An example is on page 4 (2.6): “This prospectus contains forward-looking statements. Specifically, forward-looking statements are found in Section 10. Forward-looking statements are also found in other sections throughout the document and may be identified by accompanying language such as “expects”, “intends”, “anticipates”, “estimates” and other cognate or analogous expressions or by qualifying language or assumptions. These statements involve both known and unknown risks, uncertainties and other important factors that could cause the actual results or outcome to differ materially from the forward-looking statements”.

The risks, uncertainties and other factors are summarised in 2.7, 2.8, 2.9 (pp. 4 – 5) and expanded in 8 (pp. 22 – 32) include those that can be addressed by engaging the political electorate, especially when there are impending elections. These factors, implicitly, suggest that policy consistency across administrations or even when there is a change in administration, can affect the price of the stock, once it is listed on the JSE. As voters and shareholders, we can put our politicians, aspirants or incumbents, to speak to how they will treat with these matters in the future.
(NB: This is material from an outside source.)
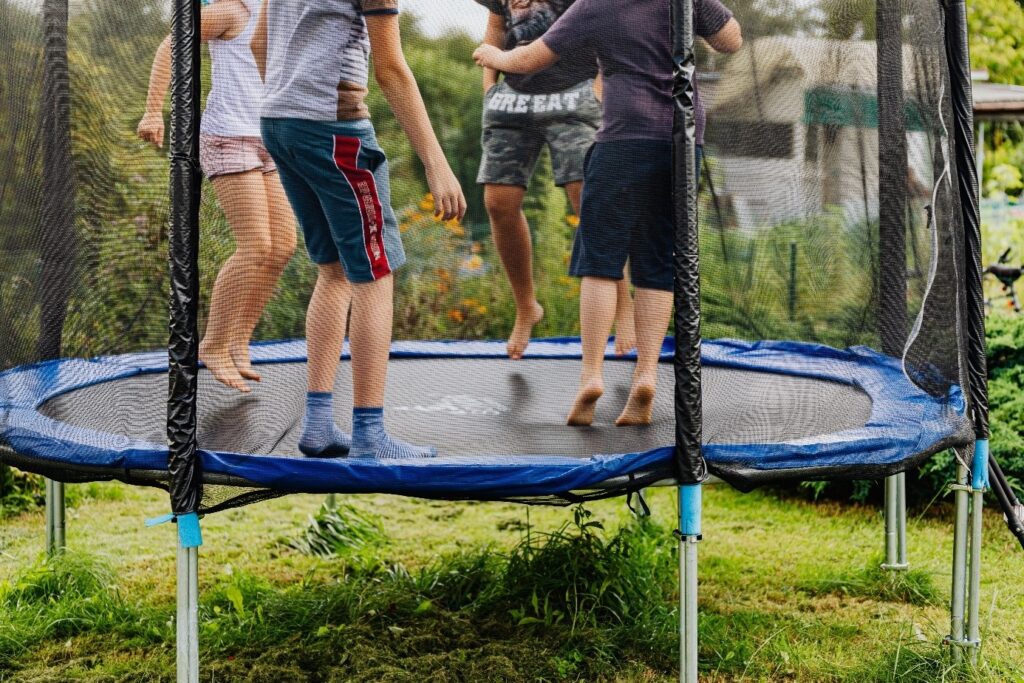 De trampoline nodigt uit tot lekker bewegen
2.7 of the prospectus outlines risks and uncertainty that can be induced by the political climate of the country.

(c) changes in political, social and economic conditions impacting adversely on the securities market in general and on the company in particular;

(d) regulatory initiatives adversely affecting the securities market or the company;

(e) changes in the electricity regulatory regime;

(i) changes in tax policy, the application of tax laws and the like and/or the Government’s regulatory regime.
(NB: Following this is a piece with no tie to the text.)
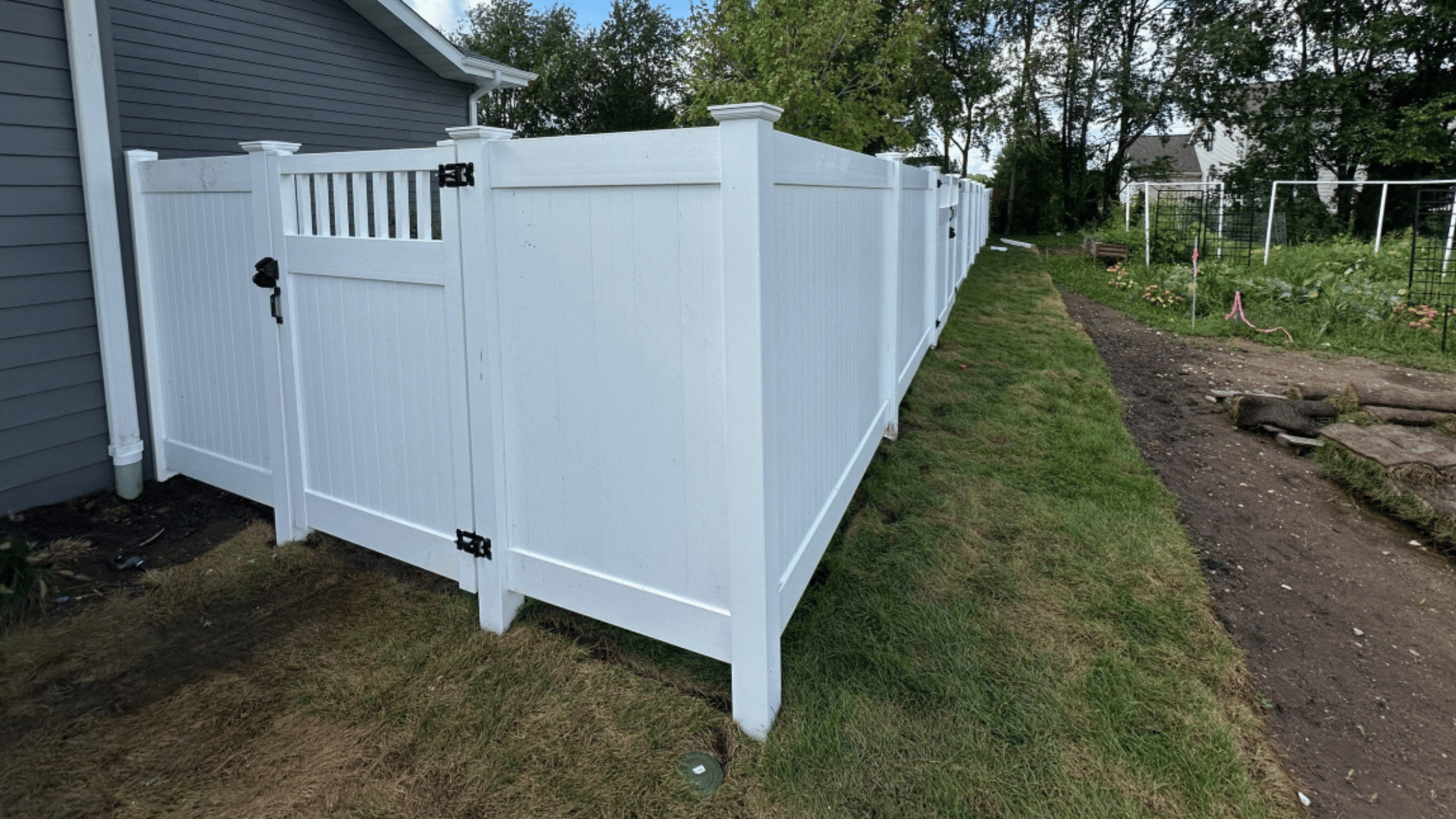 Why Homeowners Are Choosing Vinyl Fencing Over Wood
2.8 of the prospectus (page 5) basically cautions prospective investors to temper their expectations within the parameters provided by the prospectus. The prospectus is a forward-looking statement, as at the date it was produced, and no more than that. Project the assumptions, risks, uncertainties onto your expectations and not vice versa. In other words, there are things that cannot be avoided, such as natural disasters, but there are other things that can be mitigated against.

Prospective investor, you can read on the lines but also read between the lines. Risk can be bad but risk can be good. Taking all relevant facts and assumptions into consideration, Wigton Wind Farm Limited appears to be a good risk in the short to medium term, at least. Keep glued to the audited financial statements (included in this prospectus) and other factors that can impact on its performance to know whether to hold or fold. The best advice to give is that prospective investors need to read, in particular, pages 22 – 32 very thoroughly as well as the Dividend Policy.

The Dividend Policy might create some uncertainty, given that there is a caveat: “The company’s dividend policy is subject to the availability of sufficient distributable reserves for each financial year. The company reserves the right to revise its dividend policy as the need arises” (p. 11 and p. 61 (13)). This means that the maximum dividend payout is 25 per cent of net profits after tax or, simply put, for every share that is held by an investor, there is the potential to get 25 per cent of whatever the net profit after tax is, divided by the 11 billion shares.

If things are not going well, the company can adjust its dividend policy as it cannot pay out dividends and then not have operating capital (revenue sufficiency for continuity of operations).

Again, temper expectations and monitor developments. Life is uncertain. The more information you have, the better able you are to navigate and make the choices that are right for you.